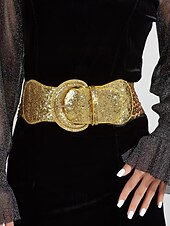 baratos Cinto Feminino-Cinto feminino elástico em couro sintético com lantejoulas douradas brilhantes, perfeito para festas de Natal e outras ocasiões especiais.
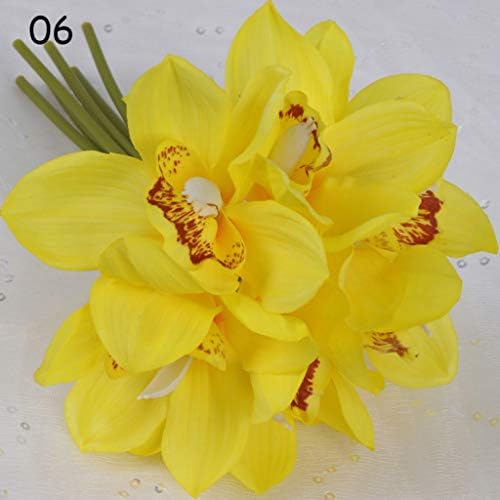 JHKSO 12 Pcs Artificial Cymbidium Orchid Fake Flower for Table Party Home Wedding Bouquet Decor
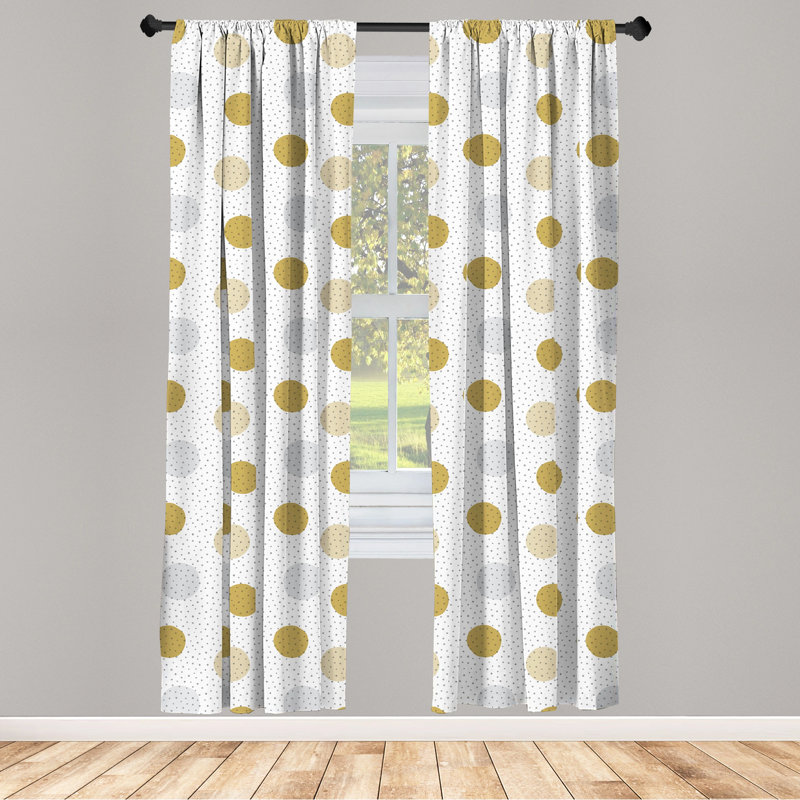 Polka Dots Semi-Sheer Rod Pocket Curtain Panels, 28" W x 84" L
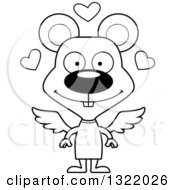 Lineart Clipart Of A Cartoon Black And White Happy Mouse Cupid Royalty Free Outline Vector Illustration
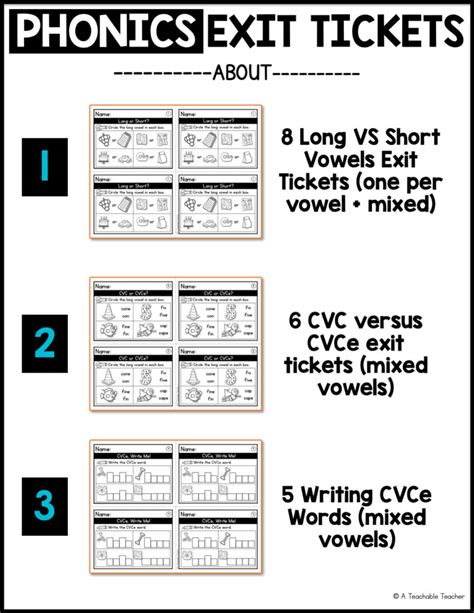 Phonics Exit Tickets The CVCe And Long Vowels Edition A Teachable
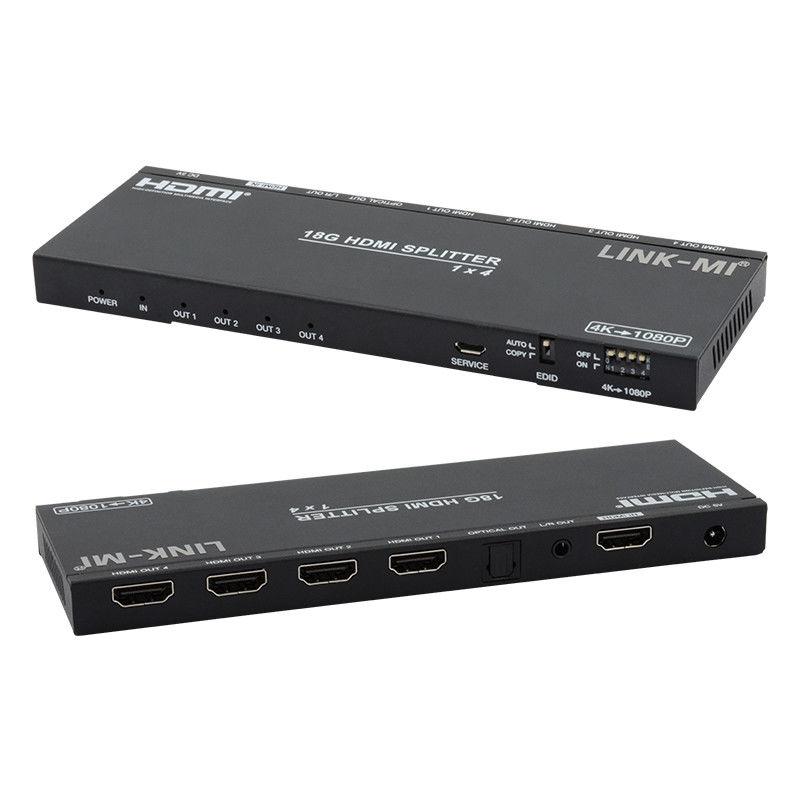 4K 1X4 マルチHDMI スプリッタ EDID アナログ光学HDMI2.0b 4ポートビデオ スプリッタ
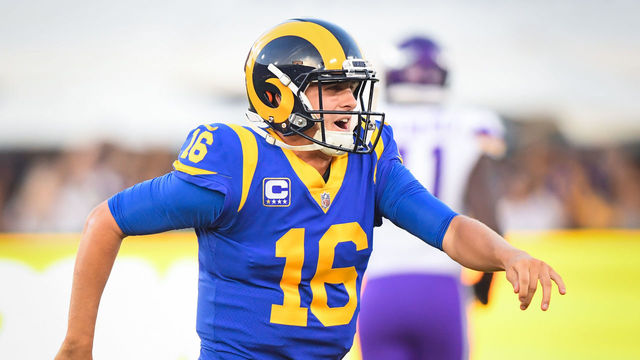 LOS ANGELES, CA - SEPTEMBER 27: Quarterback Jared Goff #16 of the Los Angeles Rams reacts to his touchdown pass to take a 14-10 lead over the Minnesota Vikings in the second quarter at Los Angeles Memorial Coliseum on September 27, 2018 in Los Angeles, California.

++++++++++

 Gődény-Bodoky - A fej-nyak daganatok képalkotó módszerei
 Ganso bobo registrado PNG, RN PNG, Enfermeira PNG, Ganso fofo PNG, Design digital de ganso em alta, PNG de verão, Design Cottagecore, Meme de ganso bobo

++++++++++

Once the line with "4K 1X4 マルチHDMI" is found above, print it and every line after it through the line with "LOS ANGELES, CA - SEPTEMBER", exactly. Pictures stay out.

 4K 1X4 マルチHDMI スプリッタ EDID アナログ光学HDMI2.0b 4ポートビデオ スプリッタ
 LOS ANGELES, CA - SEPTEMBER 27: Quarterback Jared Goff #16 of the Los Angeles Rams reacts to his touchdown pass to take a 14-10 lead over the Minnesota Vikings in the second quarter at Los Angeles Memorial Coliseum on September 27, 2018 in Los Angeles, California.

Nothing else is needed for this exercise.